Natural gas equipment can leak terribly without looking terrible. The infrared image (below) shows the leaks (mainly methane) that are invisible to the eye.

Our biggest concern is EPA’s unwillingness to directly regulate methane pollution.  Three points must be made clear:

  • Methane emissions are significantly harming people and the climate, and by far and away the oil and natural gas industry is the largest source in the US of man-made methane pollution.  Methane is a highly potent climate pollutant that is dozens of times more dangerous, pound-for-pound, than CO2. 
  • While EPA’s new rule will curb some methane pollution as a co-benefit of regulation of other pollutants, it does not regulate methane directly from new or existing sources.  The oil and natural gas industry could quickly clean up half of its methane emissions with cost-effective measures to stop leaks and prevent intentional dumping. This change in industry practice could have the same climate benefit as retiring hundreds of coal-fired generators.
  • Not only is direct methane regulation essential for public health and the global climate, it would be good for our economy.  EPA’s analysis shows that the industry could save over $30 million annually by capturing fugitive methane. This gas is an important energy source and too valuable to be wasted.

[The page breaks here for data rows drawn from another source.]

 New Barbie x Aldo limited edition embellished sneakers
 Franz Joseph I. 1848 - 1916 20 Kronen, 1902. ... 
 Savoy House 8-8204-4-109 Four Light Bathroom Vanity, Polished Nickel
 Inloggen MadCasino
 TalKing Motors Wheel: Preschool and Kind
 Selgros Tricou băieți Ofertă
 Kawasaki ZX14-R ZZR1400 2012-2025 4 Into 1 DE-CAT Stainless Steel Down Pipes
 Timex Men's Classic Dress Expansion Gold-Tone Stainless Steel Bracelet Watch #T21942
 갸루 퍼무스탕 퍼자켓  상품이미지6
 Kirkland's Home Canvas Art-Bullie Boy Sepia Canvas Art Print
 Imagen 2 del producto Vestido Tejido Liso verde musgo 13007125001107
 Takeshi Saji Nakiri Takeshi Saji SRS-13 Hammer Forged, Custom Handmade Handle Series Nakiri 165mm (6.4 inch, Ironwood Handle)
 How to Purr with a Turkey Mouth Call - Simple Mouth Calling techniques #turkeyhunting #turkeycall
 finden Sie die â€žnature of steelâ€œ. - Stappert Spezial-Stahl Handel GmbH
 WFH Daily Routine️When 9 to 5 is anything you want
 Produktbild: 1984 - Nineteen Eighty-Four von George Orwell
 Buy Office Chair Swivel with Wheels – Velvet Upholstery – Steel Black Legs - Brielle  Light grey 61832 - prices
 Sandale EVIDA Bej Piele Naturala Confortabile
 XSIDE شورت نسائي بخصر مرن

In our comments, we have pointed out many other places where EPA must tighten its regulations.  For example, the proposed rule makes a lot of progress for gas wells that are hydraulically fracked.  But we are very concerned about air pollution from “conventional” gas wells (which are not fracked) and oil wells.  But, again, the largest problem is EPA’s failure to regulate methane emissions from this industry.

EPA must fix these problems.  Seldom does EPA get such low-hanging fruit: regulation that would improve public health by reducing ozone and particles, protect the climate, and help the economy.  For the sake of public health as well as to prevent further waste of this important energy source, EPA should do what it must do to put such rules in place as quickly as possible.